This week we welcome Dominic DeFranco who joins us as a new PhD student.
Dom is working on the EU H2020-funded ‘Council of Coaches’ project which
aims to use theories of argumentation and dialogue structure in
particular to contribute to the automation of personalized coaching
Alison has recently secured funding from EPSRC on “Example-driven machine human collaboration in mathematics”, and work has now begun. In this project she will build on investigations into example-use in mathematics, and employ third party model generators, to design and build a system which can interface to online mathematical conversations. This will draw together theories of argumentation, automated reasoning systems, and ethnographical, cognitive and philosophical studies of how people do mathematics. The prototype system will be evaluated by running it on mathematical conversations in real-time, and seeing, by a variety of measures, whether mathematicians regard it as useful, and whether they are prepared to interact directly with it. The project (EP/P017320/1) will run from May, 2017 – October, 2018.
Many congratulations to Mathilde Janier, who today successfully defended her PhD thesis on Dialogical Dynamics and Argumentative Structures in Dispute Mediation Discourse. She was examined by Prof. Thomas Gordon from the University of Potsdam and Fraunhofer FOKUS, and by Dr. Alison Pease from Dundee.
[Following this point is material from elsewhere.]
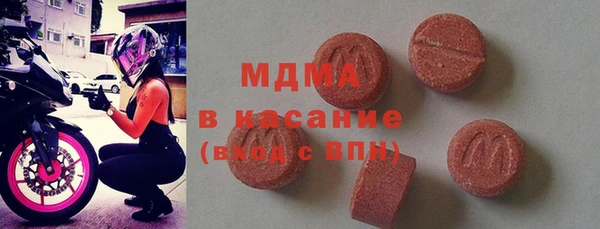 2c-b Гусев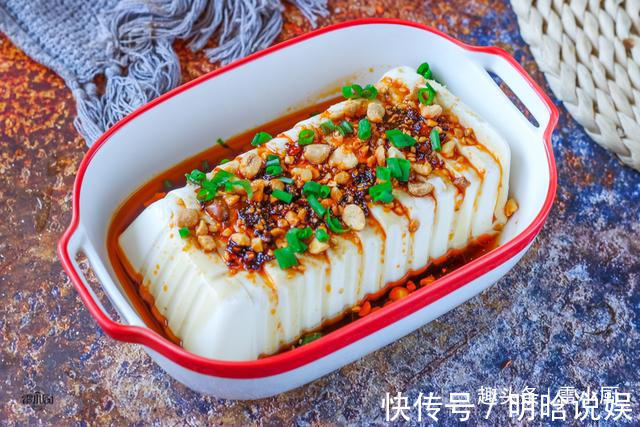 老干妈|饭店卖18元一盘,自己做2块钱就搞定,端上桌就被分光了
We are delighted to welcome Brian Plüss to the ARG-tech team. Brian joins us as Postdoctoral Research Associate to take part in the Augmented Deliberative Democracy (ADD-up) project. Funded by the Volkswagen Foundation, between 2017 and 2020, Brian will combine argumentation mining, analyses and visualisations to augment complex public deliberations in real time, working in collaboration with researchers in linguistics and political communication from the University of Konstanz and the University of Goettingen, Germany.
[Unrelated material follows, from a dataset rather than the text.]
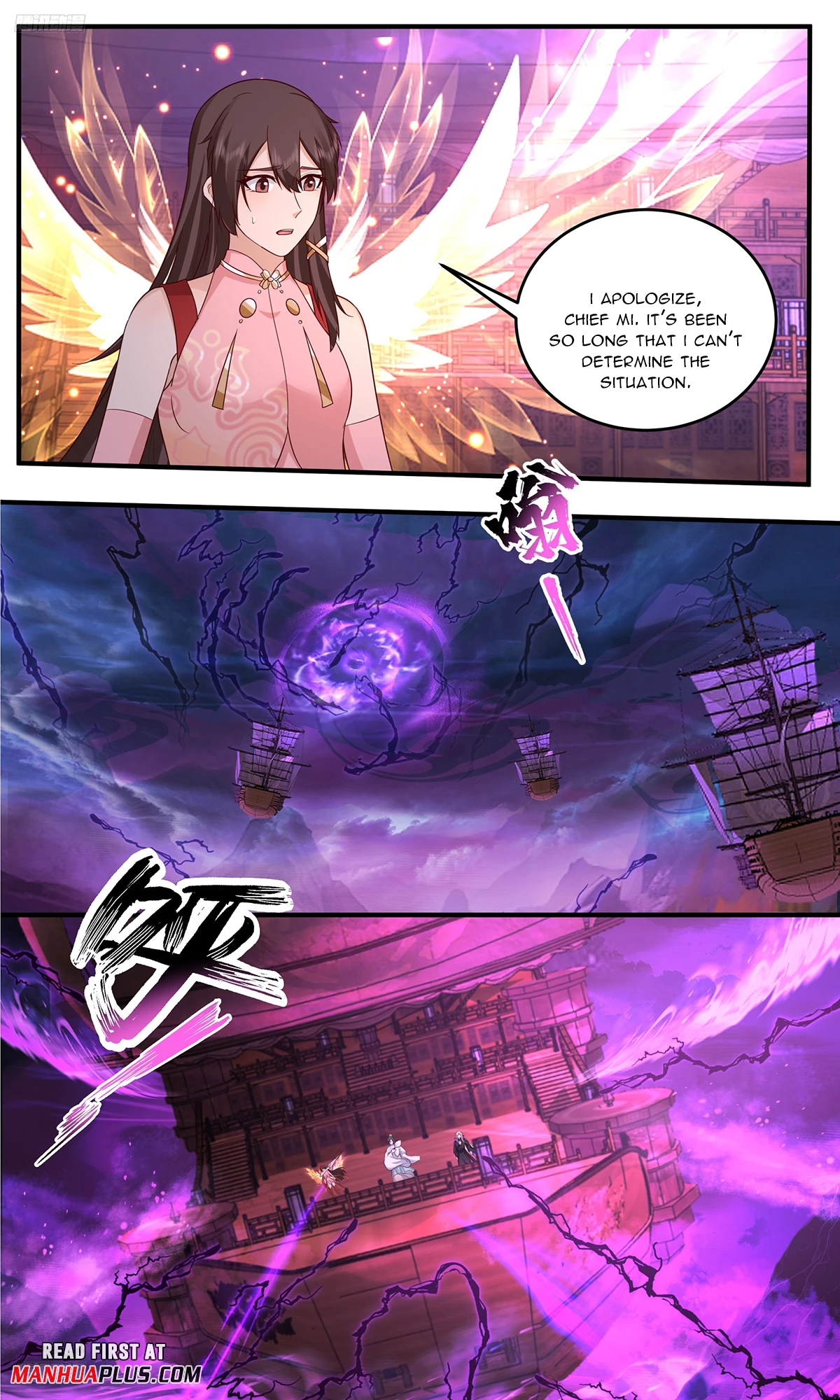 Martial Peak Chap 3830 - Next Chap 3831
Before joining ARG-tech, Brian was Research Associate at The Open University’s Knowledge Media Institute, working in the EPSRC-funded Election Debate Visualisation project, in collaboration with researchers in Political Communication and Design from the University of Leeds. Brian has a PhD from The Open University’s Computing and Communications Department for the thesis “A Computational Model of Non-Cooperation in Natural Language Dialogue”. In his doctoral research, he specialised in analysing and modelling non-cooperation in political interviews. Before this, he obtained a MSc in computer science at the National University of Rosario, Argentina. He has carried out research on virtual human systems at USC’s Institute for Creative Technologies in Los Angeles, California, and on software architectures and formal methods in Portugal, Argentina and Finland. From 2001 to 2004, he worked as a software engineer for ATX Software in Lisbon, Portugal.
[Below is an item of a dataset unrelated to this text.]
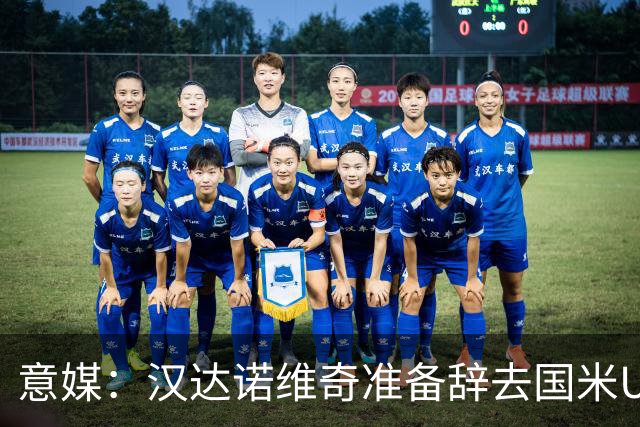 意媒：汉达诺维奇准备辞去国米U17青年队帅位，回国执教职业球队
We are delighted to welcome Debela Tesfaye to the ARG-tech team. Debela joins us from the University of Addis Ababa where he worked remotely with Michael Zock and others on meronyms, synonyms and other syntactic and semantic relations. He will be working as a PhD student on the topic of argument mining.
Martin Pereira Farina and Chris Reed are organising a workshop on explainable computational intelligence that aims to connect natural language generation, fuzzy systems and previously impenetrable AI systems that are typically seen only as black boxes.
The XCI2017 workshop will be held at INLG 2017 in Santiago de Compostela on 4 September 2017 and the deadline for submissions is 2 June 2017.
We’re delighted to welcome Prof. Randy Harris from the University of Waterloo who is co-leading one of the foremost groups in computational rhetoric, RhetFIg. Randy will be delivering a talk on Thursday, 23rd March at 10am in the lab (QMB2.15), entitled “Chiastic figures and how they argue”. All welcome as usual.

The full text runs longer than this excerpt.